On-farm storage - Electronic 'nose' sniffs out trouble

Dr Colin Waterford

Dr Colin Waterford, head of the CSIRO’s Stored Grain Research Laboratory, is shown with the latest piece of sophisticated gadgetry for protecting the quality of stored grain.

This is the grains industry’s version of the sniffer dog – an ‘electronic nose’ that can potentially detect the early growth of fungi or mould.

More formally referred to as ‘electronic aroma sensing technology’, it uses gas chromatography to detect quality changes in grains. Mould and fungal contamination, which can reduce the nutritional value of grain and potentially result in the production of dangerous mycotoxins, causes offodours and these are detected and identified by the electronic nose.
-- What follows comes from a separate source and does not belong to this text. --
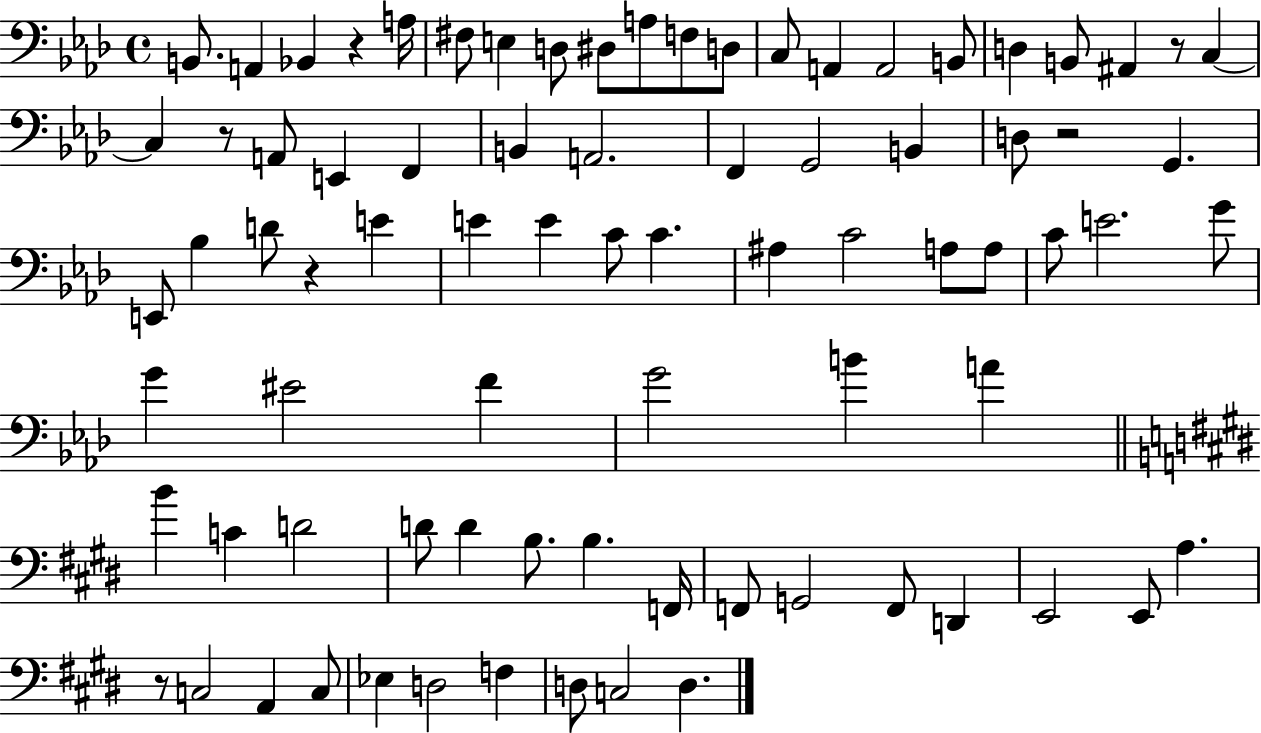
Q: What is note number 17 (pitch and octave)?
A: B2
Dr Waterford says the advantage of electronic nose technology is its capacity to carry out rapid assessment of grain quality at an early stage to help maximise and maintain grain quality during storage.

The electronic nose is relatively new and is designed to simulate the human nose. Volatile organic compounds are picked up in a carrier gas stream and passed over detectors. These comprise an array of chemical sensors that are selective for particular types of volatile components.

When the sensors absorb the volatile compounds carried in the gas, the electrical resistance changes, enabling a mathematical fingerprint of the components to be created. Aroma sensing is rapid and simple and is capable of remote or on-line analysis.

The equipment can discriminate between samples of wheat or canola with different quality characteristics and storage histories. It is also possible to differentiate between hard and soft wheats, with distinct peaks formed on the chromatograph for each grain sample. This shows the system has the potential to identify and quantify specific volatiles characteristic of different grain types.

Electronic nose technology shows considerable promise in helping the grains industry in the areas of early detection of insect growth, quality changes, varietal differences in grain, characteristic odours in well and poorly stored grain, and detection of chemical residues.